So lonely.
Dans une scène de Somewhere, le personnage interprété par Stephen Dorff affronte sa fille lors d'une partie de Guitar hero, sur la célèbre chanson du groupe The Police, So lonely. Ce titre aurait très bien pu être celui du quatrième film de Sofia Coppola qui, après Virgin suicides, Lost in translation et Marie-Antoinette, poursuit l'exploration de son obsessionnelle thématique: la solitude. Car ce qui relie tous les personnages de la réalisatrice, c'est cette solitude qui les enveloppe, les fait souffrir, les condamne à l'errance. Qu'elle découle de l'adolescence, soit consécutive au déracinement géographique ou naisse d'un destin non choisi, les êtres qui peuplaient les trois premiers films de Sofia Coppola ont tous en commun un profond mal de vivre découlant d'un sentiment de solitude.

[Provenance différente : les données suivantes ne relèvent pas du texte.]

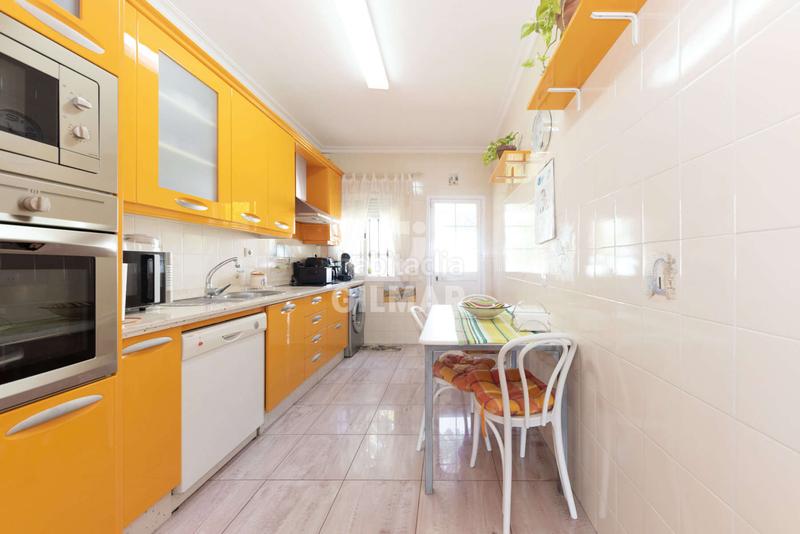 Foto 073f8b24-a634-4458-a07f-a395d2c732e4. Chalet con riscaldamento parcheggio piscina in Oromana Alcalá de Guadaira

En dépeignant la vie d'un acteur, star de cinéma en villégiature à l'hôtel Château Marmont de Los Angeles, et en le confrontant à sa fille de 12 ans (Elle Fanning, soeur de Dakota), la réalisatrice creuse encore un peu plus son propos, en l'amenant vers la plus dépouillée des épures. L'on pourrait presque rapprocher Somewhere, dans son rythme lancinant et son souci de vérité flirtant avec le surréalisme, du film le moins accessible de Patrice Leconte, Le parfum d'Yvonne.
Somewhere. Quelque part. Car Johnny Marco (Stephen Dorff) est toujours quelque part, et donc jamais nulle part. Mais parce que cette histoire touche potentiellement des millions d'êtres sur la planète. La solitude les (nous) relie, par la plus paradoxale des ironies. Johnny court le globe, regarde des strip-teaseuses, couche avec tout ce qui bouge, prend l'hélico, est adulé par le public, mais reste profondément isolé, seul à mourir. Sa fille le rejoint pour une courte période, ils se baignent dans une piscine, mangent des glaces à minuit, vont ensemble en Italie, mais sont profondément incapables de se lier. L'un comme l'autre sont seuls, et ne restent reliés qu'à eux-mêmes.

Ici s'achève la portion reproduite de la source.